+++ SUPPLIED MATERIAL
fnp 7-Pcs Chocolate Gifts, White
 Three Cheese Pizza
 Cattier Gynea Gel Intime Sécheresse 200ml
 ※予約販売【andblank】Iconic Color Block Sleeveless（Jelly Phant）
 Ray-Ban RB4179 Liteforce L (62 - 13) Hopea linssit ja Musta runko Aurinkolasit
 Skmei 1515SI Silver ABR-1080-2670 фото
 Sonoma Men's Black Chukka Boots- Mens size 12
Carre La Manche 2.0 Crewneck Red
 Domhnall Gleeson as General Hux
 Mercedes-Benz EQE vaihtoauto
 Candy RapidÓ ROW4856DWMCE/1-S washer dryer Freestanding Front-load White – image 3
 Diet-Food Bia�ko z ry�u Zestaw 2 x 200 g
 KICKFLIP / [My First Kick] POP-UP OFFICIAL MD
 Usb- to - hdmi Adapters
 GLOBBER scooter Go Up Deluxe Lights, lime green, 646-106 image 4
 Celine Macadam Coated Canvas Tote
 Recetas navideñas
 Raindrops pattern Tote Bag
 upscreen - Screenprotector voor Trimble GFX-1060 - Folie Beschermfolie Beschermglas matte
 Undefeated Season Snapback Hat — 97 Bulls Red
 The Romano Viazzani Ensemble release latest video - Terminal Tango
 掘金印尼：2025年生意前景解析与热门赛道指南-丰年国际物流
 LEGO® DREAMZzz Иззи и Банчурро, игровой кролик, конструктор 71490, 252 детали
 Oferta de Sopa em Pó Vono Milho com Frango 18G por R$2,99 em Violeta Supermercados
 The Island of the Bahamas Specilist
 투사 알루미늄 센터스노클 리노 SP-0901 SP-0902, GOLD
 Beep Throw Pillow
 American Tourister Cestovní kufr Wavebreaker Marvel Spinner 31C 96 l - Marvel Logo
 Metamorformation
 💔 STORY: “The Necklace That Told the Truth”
++++++
» TASK DIRECTIONS
The response must be an exact reproduction of all the entries.

» RESULT
fnp 7-Pcs Chocolate Gifts, White
 Three Cheese Pizza
 Cattier Gynea Gel Intime Sécheresse 200ml
 ※予約販売【andblank】Iconic Color Block Sleeveless（Jelly Phant）
 Ray-Ban RB4179 Liteforce L (62 - 13) Hopea linssit ja Musta runko Aurinkolasit
 Skmei 1515SI Silver ABR-1080-2670 фото
 Sonoma Men's Black Chukka Boots- Mens size 12
Carre La Manche 2.0 Crewneck Red
 Domhnall Gleeson as General Hux
 Mercedes-Benz EQE vaihtoauto
 Candy RapidÓ ROW4856DWMCE/1-S washer dryer Freestanding Front-load White – image 3
 Diet-Food Bia�ko z ry�u Zestaw 2 x 200 g
 KICKFLIP / [My First Kick] POP-UP OFFICIAL MD
 Usb- to - hdmi Adapters
 GLOBBER scooter Go Up Deluxe Lights, lime green, 646-106 image 4
 Celine Macadam Coated Canvas Tote
 Recetas navideñas
 Raindrops pattern Tote Bag
 upscreen - Screenprotector voor Trimble GFX-1060 - Folie Beschermfolie Beschermglas matte
 Undefeated Season Snapback Hat — 97 Bulls Red
 The Romano Viazzani Ensemble release latest video - Terminal Tango
 掘金印尼：2025年生意前景解析与热门赛道指南-丰年国际物流
 LEGO® DREAMZzz Иззи и Банчурро, игровой кролик, конструктор 71490, 252 детали
 Oferta de Sopa em Pó Vono Milho com Frango 18G por R$2,99 em Violeta Supermercados
 The Island of the Bahamas Specilist
 투사 알루미늄 센터스노클 리노 SP-0901 SP-0902, GOLD
 Beep Throw Pillow
 American Tourister Cestovní kufr Wavebreaker Marvel Spinner 31C 96 l - Marvel Logo
 Metamorformation
 💔 STORY: “The Necklace That Told the Truth”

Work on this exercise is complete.